_INFORMATION SHOWN:_
• • •
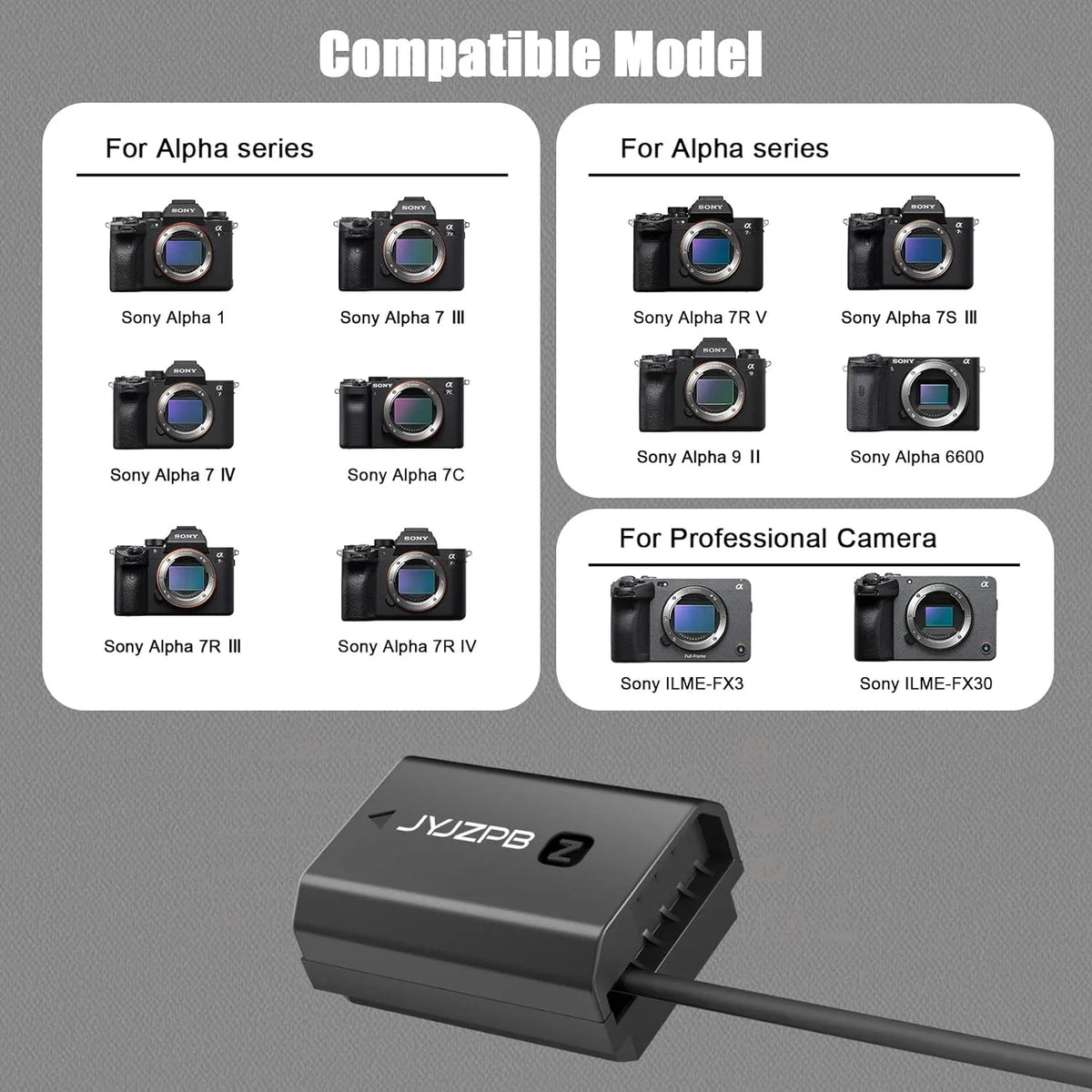 JYJZPB NP-FZ100 Dummy y AC Power Adapter Fit for Sizeony A7III A7IV Alpha 1 A7C FX3 FX30 A7R3 A7R III A7R V A7R IV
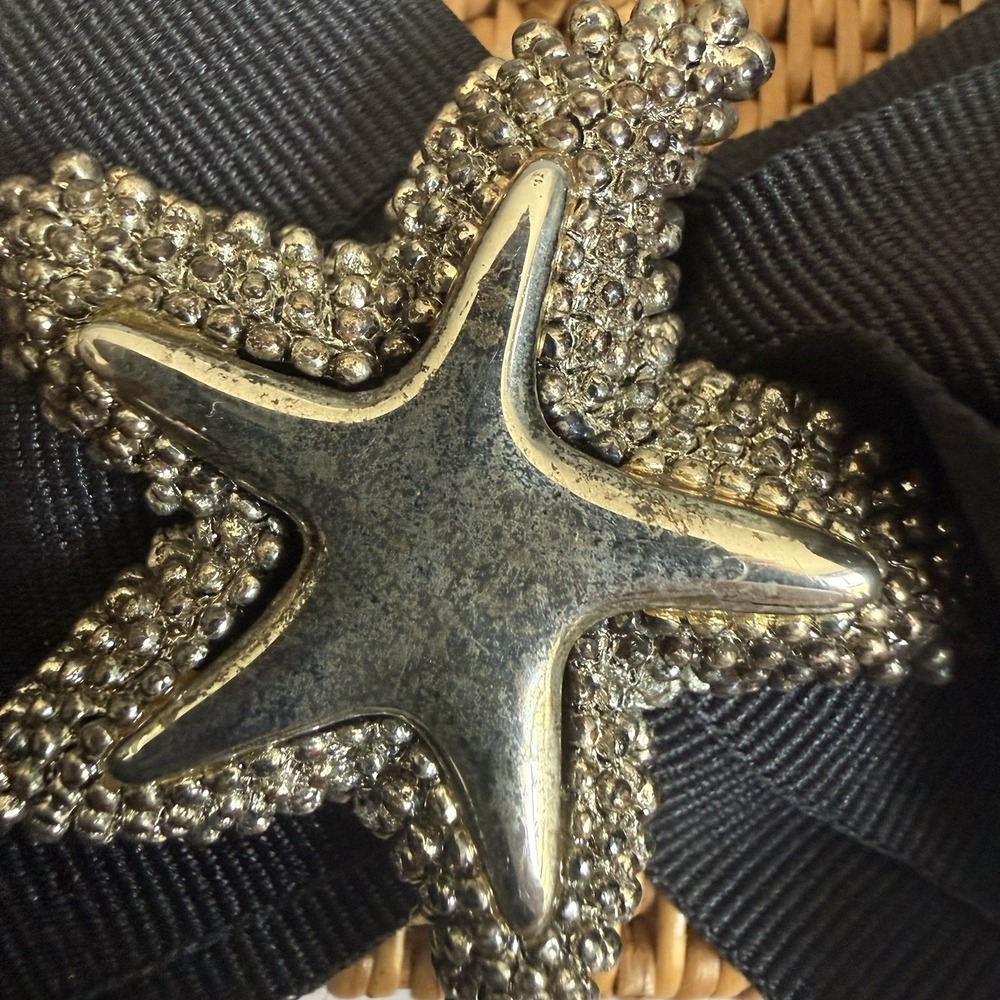 Lisi Lerch Bosom Buddy Bag Mini Straw Starfish Black Ribbon Rattan Handbag Purse - Picture 9 of 14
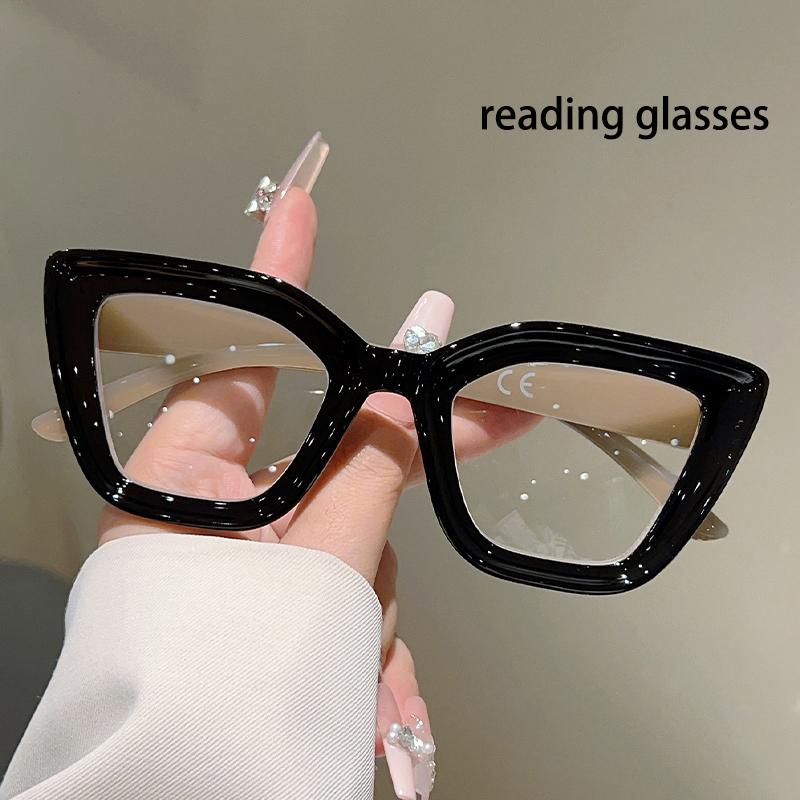Vintage Cat Eye Reading Glasses  New Fashion Eyewear with Diopters Trendy Blue Light Blocking Decor Optical Frames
• • •
_AIM OF THE EXERCISE:_ From the line containing "Lisi Lerch Bosom" down to the final line of the listing above, write out only those lines exactly as they are, minus the pictures.

_ANSWER FOR THE TASK:_
 Lisi Lerch Bosom Buddy Bag Mini Straw Starfish Black Ribbon Rattan Handbag Purse - Picture 9 of 14
Vintage Cat Eye Reading Glasses  New Fashion Eyewear with Diopters Trendy Blue Light Blocking Decor Optical Frames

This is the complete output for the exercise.